The food scientist guys are doing interesting experiments that may influence the way we cook....if nothing else their techniques are fun to follow and open up doors not normally there....use of jelling agents (agar agar) comes to mind immediately.
Steingarten is an inspiration, Peter Kaminsky also, they follow their passions.
Inspiration, where does the muse come from.....good question. Were we born with curiosity or was it breed into us....I tend to think a combination.


----------



## thetincook (Jun 14, 2002)

Lately, I've been inspired by Judy Rodgers of the Zuni Cafe via her cookbook. I love the delicous simplicity and lack of artsy fartsy concepts. Now, I just have to drag my butt to San Francisco and eat there.

Charlie Trotter is a big inspiration to me for his views on service and for his background. Of course, his volumes of food porn are nice too.

My other big inspiration is my mentor from school Chef Giovanni Del Rossario.

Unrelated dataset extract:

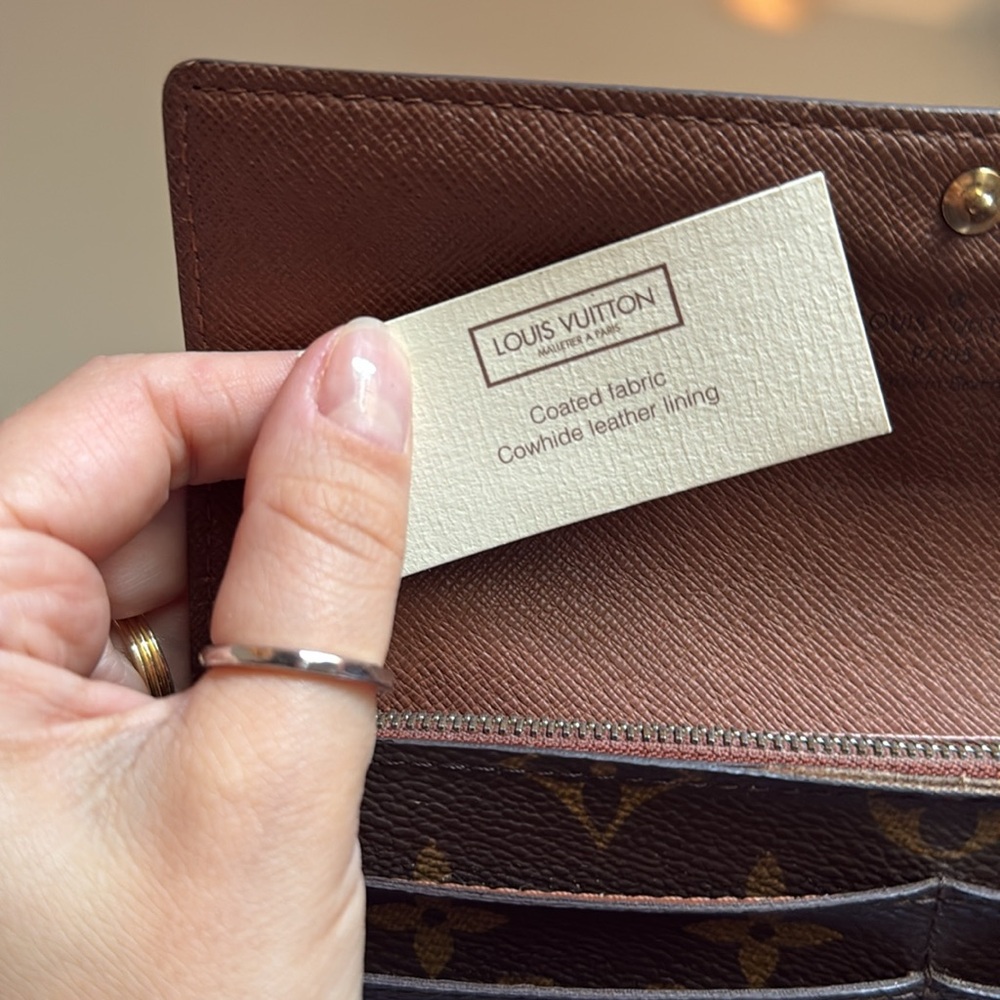 Authentic Louis Vuitton Monogram Sarah Wallet Brown Canvas Long Snap - Picture 10 of 11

He taught me what it means to be a chef, just like my dad taught me how to be a man.

As far as who is hot, I think Joachim Spiechal is doing some really cool things with the Patina Group. It's remarkable how his team can provide high level of quality across so many different operations. I think he and Mario Batalli are the closest to pulling a Alain Ducasse style feat of excellence.

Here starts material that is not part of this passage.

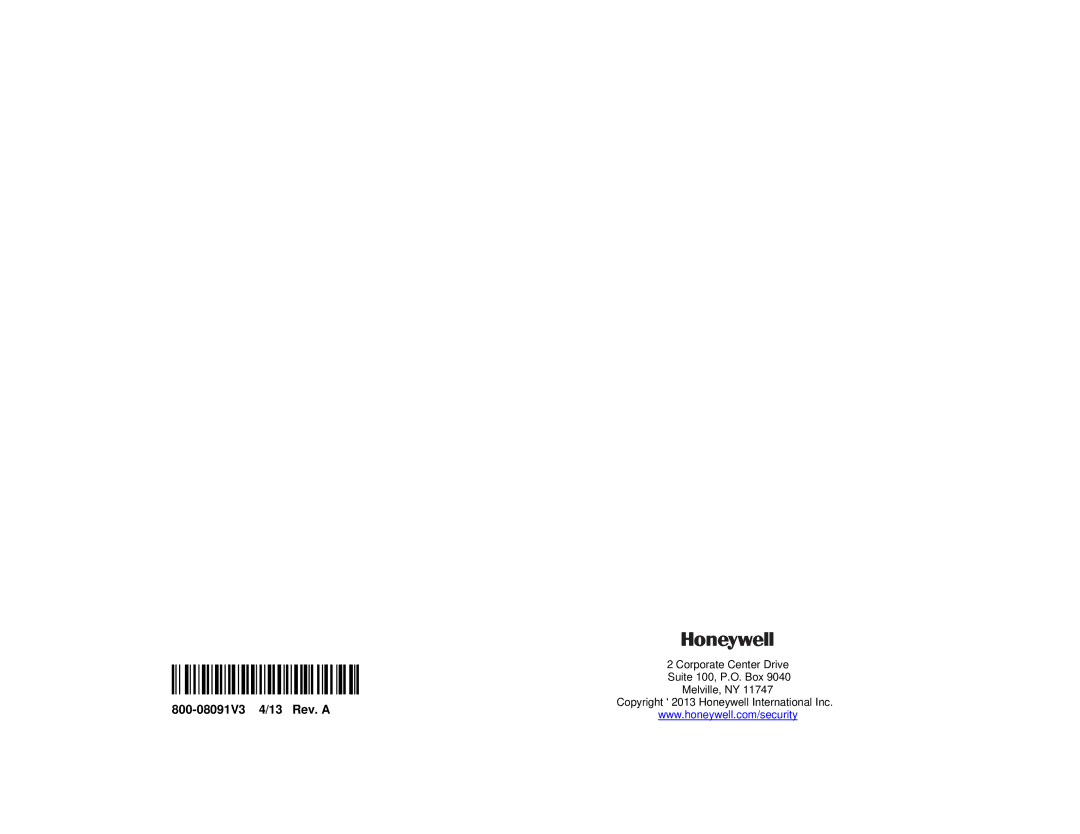 Honeywell manual Ê800-08091V3RŠ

(In interest of full disclosure, I did work for the Patina Group once for several months at Patinette in the Musuem of Comtempary Art. I also did my chef profile on him for school (he has a very cool chef "family tree"). I did meet him once, though Iam ashamed to admit that I wussed out and couldn't stop mumbling.)


----------



## irishchef (Mar 15, 2006)

Jacques Pepin...because, above all, he posesses the quality that is most lacking in almost every Chef I've met (me included)...humility. 

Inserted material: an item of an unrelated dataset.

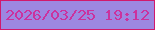 文字の大きさ：3、枠の色：d1196c、背景の色：9d87e1、文字の色：cb329e 無料ブログパーツのブログ時計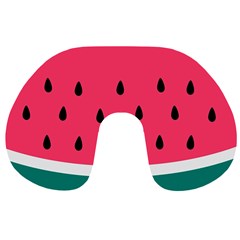 Watermelon Red Green White Black Fruit Travel Neck Pillows by Mariart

Bake bread. Make soup. Give it to someone who needs it. Teach them to do it themselves. 
Our motivation should not be to advance ourselves, to exhalt the food we make, but rather to feed the spirit and souls of those around us.


....or not. Just my $.02 worth. have a nice day !


----------



## shroomgirl (Aug 11, 2000)

does not need to be exclusive.....they can co-exist
Bake bread. Make soup. Give it to someone who needs it. Teach them to do it themselves. 
Our motivation should not be to advance ourselves, to exhalt the food we make, but rather to feed the spirit and souls of those around us.


----------



## ricib (Jun 28, 2005)

Personal experience, my main inspiration will always be my Grandfather H. I just wish I'd have paid more attention to his recipes, when cooking with him, and certainly eating them. As a young boy I just took it for granted.

Professionally, I'm heavilly influenced by Rick Bayless mostly for his ties to Latin-American food, as they are quite the same as mine are. The fact that he (as do I) actually travels to the place he is influenced by, is something that sticks with me no matter what I am cooking at the time.

As for the Food Network, I am influenced by them in the way that it re-ignited the flame that once was there in me, for the food industry. It's probably on 75% of the day and night at my house.


----------



## logghib (May 4, 2005)

I've been to Trotter's place in Lincoln Park - I wouldn't take the experience back, but I wouldn't go there again either. His cuisine is lacking soul, in my mind - and anyone can throw enough money at food to make it good. Charlie Trotter's talent is in getting people to actually pay for it.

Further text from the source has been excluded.